> [Exercise aim]: Some of the lines below need repeating. Reproduce exactly those between the lines holding "Permaseal Thermostat Housing Gasket TH205" and "重型装备智能化工业机器人", inclusive.

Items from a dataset
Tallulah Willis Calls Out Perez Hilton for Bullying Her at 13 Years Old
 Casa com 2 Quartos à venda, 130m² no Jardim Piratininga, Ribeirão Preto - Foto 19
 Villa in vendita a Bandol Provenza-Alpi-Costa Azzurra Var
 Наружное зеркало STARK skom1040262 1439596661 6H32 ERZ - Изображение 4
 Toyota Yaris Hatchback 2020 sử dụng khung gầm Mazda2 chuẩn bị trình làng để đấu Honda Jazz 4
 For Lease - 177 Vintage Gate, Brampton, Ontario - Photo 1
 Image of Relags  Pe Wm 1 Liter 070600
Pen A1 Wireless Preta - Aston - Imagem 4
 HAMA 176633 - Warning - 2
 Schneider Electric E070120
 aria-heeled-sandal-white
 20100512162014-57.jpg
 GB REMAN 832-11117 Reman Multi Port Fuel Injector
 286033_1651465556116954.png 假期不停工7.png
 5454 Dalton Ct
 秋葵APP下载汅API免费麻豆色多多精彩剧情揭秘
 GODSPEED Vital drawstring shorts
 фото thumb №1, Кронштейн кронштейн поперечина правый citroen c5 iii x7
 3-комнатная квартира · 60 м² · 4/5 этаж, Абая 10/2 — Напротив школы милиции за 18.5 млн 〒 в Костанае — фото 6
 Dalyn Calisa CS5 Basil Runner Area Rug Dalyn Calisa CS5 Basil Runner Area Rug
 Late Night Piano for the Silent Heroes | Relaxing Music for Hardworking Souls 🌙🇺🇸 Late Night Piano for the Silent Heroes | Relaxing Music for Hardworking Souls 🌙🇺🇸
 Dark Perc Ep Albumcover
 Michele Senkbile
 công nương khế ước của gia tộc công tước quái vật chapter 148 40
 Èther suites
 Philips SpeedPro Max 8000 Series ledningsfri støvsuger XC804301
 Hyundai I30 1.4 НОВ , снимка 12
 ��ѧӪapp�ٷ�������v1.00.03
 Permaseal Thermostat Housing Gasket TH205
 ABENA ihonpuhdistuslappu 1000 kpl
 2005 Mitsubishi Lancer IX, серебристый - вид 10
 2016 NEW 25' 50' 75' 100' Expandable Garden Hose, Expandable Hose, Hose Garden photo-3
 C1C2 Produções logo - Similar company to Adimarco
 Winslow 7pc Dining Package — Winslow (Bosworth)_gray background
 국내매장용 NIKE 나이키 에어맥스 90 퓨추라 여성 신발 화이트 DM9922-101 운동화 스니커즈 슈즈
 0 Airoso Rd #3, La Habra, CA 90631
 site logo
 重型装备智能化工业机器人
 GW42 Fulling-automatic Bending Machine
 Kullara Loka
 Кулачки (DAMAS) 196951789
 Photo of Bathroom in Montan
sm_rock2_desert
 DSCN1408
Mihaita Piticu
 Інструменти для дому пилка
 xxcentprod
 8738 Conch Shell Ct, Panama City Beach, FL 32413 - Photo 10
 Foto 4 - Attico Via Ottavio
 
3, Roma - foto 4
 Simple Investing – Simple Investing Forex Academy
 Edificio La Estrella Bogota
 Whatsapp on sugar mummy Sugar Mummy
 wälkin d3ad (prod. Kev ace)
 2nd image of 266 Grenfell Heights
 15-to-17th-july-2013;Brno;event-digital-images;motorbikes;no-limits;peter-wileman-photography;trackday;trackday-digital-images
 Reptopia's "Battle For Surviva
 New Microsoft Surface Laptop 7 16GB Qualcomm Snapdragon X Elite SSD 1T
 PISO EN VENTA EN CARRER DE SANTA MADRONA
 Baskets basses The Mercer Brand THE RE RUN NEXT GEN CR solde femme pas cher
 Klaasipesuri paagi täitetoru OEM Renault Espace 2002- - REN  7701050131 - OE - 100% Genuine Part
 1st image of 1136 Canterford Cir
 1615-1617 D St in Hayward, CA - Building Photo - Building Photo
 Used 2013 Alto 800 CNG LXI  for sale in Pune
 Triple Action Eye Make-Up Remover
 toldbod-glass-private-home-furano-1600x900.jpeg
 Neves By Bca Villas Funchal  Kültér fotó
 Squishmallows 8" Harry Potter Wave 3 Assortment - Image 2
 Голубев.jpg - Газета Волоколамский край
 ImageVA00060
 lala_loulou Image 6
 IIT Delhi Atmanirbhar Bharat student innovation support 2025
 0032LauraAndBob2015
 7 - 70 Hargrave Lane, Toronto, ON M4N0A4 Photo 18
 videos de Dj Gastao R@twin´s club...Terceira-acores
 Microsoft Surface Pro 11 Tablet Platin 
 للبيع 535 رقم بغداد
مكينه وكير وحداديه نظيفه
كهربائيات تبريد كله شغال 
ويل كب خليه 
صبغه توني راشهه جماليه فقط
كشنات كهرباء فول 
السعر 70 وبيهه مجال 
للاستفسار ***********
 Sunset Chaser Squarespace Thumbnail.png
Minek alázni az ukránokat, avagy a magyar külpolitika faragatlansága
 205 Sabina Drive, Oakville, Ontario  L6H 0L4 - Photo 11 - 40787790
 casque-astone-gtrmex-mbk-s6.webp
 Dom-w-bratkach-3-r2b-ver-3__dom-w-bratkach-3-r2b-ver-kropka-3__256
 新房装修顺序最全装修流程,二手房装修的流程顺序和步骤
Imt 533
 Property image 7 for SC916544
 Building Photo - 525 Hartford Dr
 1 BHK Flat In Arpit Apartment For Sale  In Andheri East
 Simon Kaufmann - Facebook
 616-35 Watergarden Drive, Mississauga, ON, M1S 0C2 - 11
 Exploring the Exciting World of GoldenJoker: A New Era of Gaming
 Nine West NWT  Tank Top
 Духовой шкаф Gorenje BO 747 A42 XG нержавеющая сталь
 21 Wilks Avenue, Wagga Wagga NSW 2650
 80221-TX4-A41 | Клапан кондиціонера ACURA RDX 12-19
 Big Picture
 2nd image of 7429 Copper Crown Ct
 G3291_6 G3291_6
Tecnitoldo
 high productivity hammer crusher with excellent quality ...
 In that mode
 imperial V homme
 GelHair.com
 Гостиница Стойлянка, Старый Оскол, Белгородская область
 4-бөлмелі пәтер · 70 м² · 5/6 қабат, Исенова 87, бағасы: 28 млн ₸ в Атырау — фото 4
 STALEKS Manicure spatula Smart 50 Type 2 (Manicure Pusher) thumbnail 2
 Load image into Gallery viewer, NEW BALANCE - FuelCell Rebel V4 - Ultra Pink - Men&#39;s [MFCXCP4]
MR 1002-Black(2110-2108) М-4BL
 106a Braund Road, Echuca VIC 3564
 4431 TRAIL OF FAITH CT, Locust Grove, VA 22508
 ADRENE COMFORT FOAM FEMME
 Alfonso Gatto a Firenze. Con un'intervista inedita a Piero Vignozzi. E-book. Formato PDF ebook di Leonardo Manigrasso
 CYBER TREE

> [Exercise solution]:
 Permaseal Thermostat Housing Gasket TH205
 ABENA ihonpuhdistuslappu 1000 kpl
 2005 Mitsubishi Lancer IX, серебристый - вид 10
 2016 NEW 25' 50' 75' 100' Expandable Garden Hose, Expandable Hose, Hose Garden photo-3
 C1C2 Produções logo - Similar company to Adimarco
 Winslow 7pc Dining Package — Winslow (Bosworth)_gray background
 국내매장용 NIKE 나이키 에어맥스 90 퓨추라 여성 신발 화이트 DM9922-101 운동화 스니커즈 슈즈
 0 Airoso Rd #3, La Habra, CA 90631
 site logo
 重型装备智能化工业机器人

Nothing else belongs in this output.